Say I have a subset of the standard scrabble tiles $B$ that contains no blank tiles s.t. $|B|=n$

Also consider I have a target set of letters $L$ s.t. $|L|=k$. These are a set of letters not tiles, so there may be multiple subsets of tiles from $B$ that correspond to $L$.

Say I draw $m$ tiles from $B$ (call it $D\subset B$). What is the probability that $D$ contains tiles corresponding to every letter in $L$ at least once?

Clearly the denominator for this probability will be ${{n}\choose{m}}$, that is the number of possible combinations of tiles $D$ that can be drawn without replacement from $B$.

What I'm missing is the numerator. That is, how many of these possible $D$s contain tiles corresponding to $L$.

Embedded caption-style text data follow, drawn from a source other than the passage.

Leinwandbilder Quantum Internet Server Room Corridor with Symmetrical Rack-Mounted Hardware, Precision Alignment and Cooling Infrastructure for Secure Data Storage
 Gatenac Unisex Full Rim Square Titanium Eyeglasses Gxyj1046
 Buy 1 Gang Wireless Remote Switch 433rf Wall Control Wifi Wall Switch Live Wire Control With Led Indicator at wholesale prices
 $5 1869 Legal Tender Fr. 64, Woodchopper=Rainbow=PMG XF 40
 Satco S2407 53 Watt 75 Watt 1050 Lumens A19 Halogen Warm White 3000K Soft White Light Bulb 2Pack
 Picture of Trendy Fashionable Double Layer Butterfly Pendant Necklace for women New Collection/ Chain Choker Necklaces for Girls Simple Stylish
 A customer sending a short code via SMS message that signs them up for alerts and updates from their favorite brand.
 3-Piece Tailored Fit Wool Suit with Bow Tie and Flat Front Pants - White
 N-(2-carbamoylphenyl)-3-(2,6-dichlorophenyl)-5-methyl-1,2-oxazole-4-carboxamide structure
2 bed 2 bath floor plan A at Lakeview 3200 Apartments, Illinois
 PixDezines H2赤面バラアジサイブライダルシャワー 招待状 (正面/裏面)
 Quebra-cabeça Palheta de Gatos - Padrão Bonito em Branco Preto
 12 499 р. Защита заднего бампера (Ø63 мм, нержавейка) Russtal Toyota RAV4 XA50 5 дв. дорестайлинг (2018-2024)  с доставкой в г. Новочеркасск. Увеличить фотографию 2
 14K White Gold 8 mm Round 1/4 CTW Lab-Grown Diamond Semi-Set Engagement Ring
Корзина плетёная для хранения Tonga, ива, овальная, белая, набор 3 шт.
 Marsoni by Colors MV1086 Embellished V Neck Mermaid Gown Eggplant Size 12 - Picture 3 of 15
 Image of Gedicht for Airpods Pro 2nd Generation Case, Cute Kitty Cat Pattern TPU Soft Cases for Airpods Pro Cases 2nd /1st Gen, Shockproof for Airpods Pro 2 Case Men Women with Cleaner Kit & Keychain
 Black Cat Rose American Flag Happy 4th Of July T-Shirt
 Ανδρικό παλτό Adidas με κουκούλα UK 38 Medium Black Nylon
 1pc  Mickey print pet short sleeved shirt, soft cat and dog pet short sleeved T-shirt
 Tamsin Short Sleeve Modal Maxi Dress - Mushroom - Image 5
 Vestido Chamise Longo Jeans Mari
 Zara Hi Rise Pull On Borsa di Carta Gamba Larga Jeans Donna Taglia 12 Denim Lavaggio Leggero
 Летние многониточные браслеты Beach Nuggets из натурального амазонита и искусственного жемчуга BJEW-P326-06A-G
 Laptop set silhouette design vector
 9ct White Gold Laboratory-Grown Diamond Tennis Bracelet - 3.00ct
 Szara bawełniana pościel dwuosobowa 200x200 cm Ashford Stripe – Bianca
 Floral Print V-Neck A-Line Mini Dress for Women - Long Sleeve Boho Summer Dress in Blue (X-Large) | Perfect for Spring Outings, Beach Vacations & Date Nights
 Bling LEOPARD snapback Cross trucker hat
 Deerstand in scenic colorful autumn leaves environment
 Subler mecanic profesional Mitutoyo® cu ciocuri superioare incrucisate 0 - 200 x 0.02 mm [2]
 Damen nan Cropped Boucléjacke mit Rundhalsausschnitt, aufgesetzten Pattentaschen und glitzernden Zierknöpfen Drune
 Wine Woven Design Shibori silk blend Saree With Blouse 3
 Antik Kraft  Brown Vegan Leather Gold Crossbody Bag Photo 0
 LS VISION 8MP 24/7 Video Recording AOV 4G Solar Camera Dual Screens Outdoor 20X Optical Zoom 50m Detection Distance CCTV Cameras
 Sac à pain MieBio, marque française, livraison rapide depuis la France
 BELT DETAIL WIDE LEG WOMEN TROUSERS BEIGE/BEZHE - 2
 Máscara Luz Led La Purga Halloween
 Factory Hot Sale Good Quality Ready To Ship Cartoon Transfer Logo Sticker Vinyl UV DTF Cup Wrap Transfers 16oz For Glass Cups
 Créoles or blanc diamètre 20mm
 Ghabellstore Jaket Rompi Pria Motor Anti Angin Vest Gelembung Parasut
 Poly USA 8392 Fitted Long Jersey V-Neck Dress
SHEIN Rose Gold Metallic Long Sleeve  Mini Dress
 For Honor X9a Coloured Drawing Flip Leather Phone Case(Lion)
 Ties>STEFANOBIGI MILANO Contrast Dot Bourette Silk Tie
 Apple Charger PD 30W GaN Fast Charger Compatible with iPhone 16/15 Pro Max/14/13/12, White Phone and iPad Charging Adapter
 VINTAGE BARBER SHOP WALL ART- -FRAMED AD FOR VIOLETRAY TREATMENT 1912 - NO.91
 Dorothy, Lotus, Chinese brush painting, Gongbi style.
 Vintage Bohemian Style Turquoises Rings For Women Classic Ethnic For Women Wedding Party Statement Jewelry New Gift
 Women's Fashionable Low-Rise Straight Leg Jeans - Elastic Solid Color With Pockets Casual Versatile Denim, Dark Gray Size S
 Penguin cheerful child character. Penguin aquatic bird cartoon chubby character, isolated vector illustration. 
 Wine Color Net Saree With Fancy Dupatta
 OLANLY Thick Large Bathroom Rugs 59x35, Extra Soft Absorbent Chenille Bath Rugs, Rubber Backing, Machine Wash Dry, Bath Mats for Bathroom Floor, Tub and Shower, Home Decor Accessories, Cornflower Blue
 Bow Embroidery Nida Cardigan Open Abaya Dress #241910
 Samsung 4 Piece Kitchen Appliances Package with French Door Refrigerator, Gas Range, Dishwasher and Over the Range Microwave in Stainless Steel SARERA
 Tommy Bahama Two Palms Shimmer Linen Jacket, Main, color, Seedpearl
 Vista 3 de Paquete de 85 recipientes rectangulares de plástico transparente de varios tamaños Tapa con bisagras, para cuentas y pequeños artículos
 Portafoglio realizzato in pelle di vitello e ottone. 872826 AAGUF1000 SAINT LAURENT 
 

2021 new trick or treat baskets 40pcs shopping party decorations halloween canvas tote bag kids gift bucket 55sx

• Your model is a bit confusing. If $L \subset B$ and $B$ are tiles, then $L$ must be tiles... – copper.hat Feb 28 '13 at 17:41
• Good point, I'll try to clarify. – CodeFusionMobile Feb 28 '13 at 17:48
• Since you ask what what the probability $D$ contains tiles corresponding to to every letter in $L$ at least once, I assume $B$ isn't a standard mathematical set, rather its a multiset. So what's the distribution of $B$, or are we supposed to generalize to all possible distributions of $B$? – DPenner1 Feb 28 '13 at 18:49
• I suppose that would be correct. I'm not sure of the exact terminology, but the question is similar to asking the odds of drawing a Spade from a Deck of cards. A deck is a set of 52 unique cards, but multiple cards can have a given property. – CodeFusionMobile Feb 28 '13 at 19:04

The probability will depend on how many tiles there are in $B$ with the particular letters you want. If, for each $i=1$, $\dots$, $k$, $B$ contains exactly $v_i$ tiles corresponding to the $i$th letter in $L$, then the number of possible draws which exclude letters #$j_1$, $\dots$, #$j_q$ is $$\binom{n-v_{j_1}-\cdots-v_{j_q}}{m}.$$ So, by the inclusion-exclusion principle, the probability of drawing each of your $k$ selected letters at least once is $$1-\binom{n}{m}^{-1} \left(\sum_{1\le q\le k} (-1)^{q-1} \sum_{1\le j_1<\cdots<j_q\le k}\binom{n-v_{j_1}-\cdots-v_{j_q}}{m}\right).$$